> _Work task_:
The listing below should be printed exactly, every line of it. Skip the pictures.

> _Supplied information_:
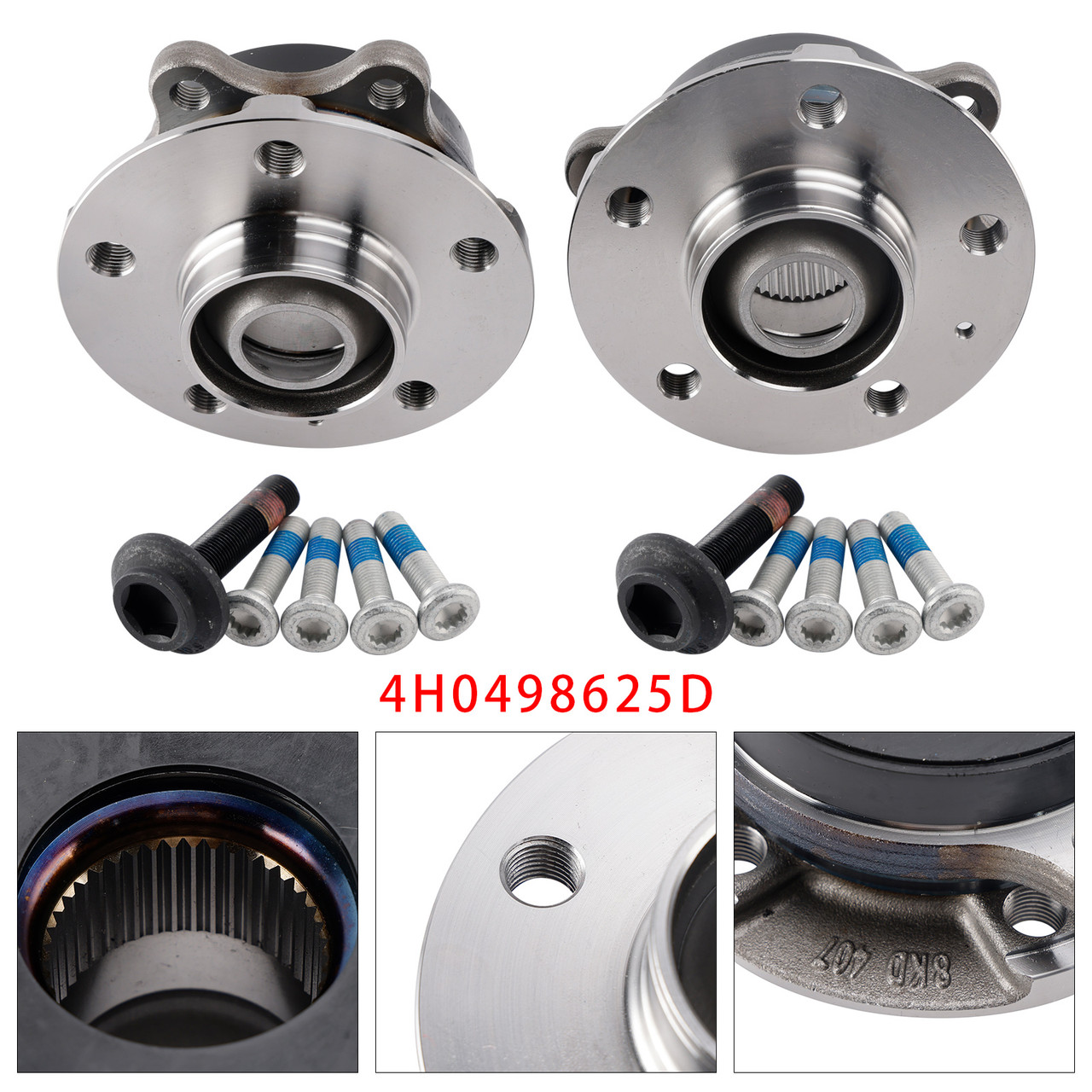 Audi A4 8K A6 C7 A5 8T A8 4H Q5 2x Front Wheel Hub Flange+Bearing+Bolts Kit 4H0498625D Generic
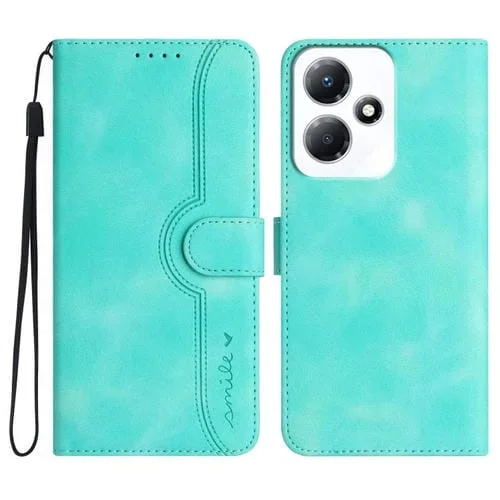 Funda de Cuero Infinix Hot 30 Play y Hot 30 Play Nfc con Diseño de Corazón (Azul Claro)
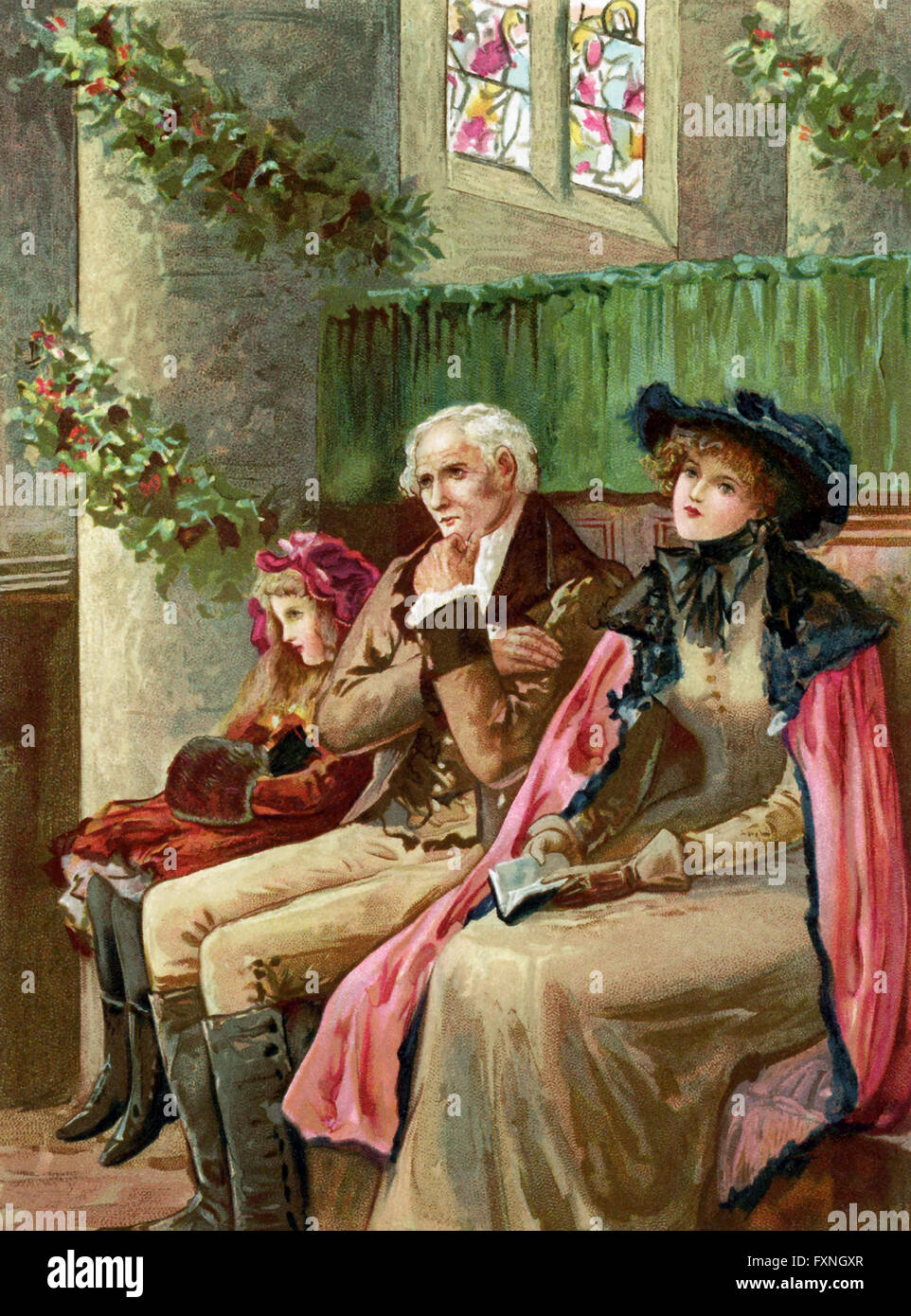 Questa illustrazione di una famiglia in un pew in chiesa accompagnato Phillips Brooks le poesie (c. 1886) dalla Phillips Brooks (1893). Il poema si legge: Oh benedica il nostro Dio voi persone e fare in modo che la voce della sua lode essere ascoltato. Foto Stock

> _The answer_:
 Audi A4 8K A6 C7 A5 8T A8 4H Q5 2x Front Wheel Hub Flange+Bearing+Bolts Kit 4H0498625D Generic
 Funda de Cuero Infinix Hot 30 Play y Hot 30 Play Nfc con Diseño de Corazón (Azul Claro)
 Questa illustrazione di una famiglia in un pew in chiesa accompagnato Phillips Brooks le poesie (c. 1886) dalla Phillips Brooks (1893). Il poema si legge: Oh benedica il nostro Dio voi persone e fare in modo che la voce della sua lode essere ascoltato. Foto Stock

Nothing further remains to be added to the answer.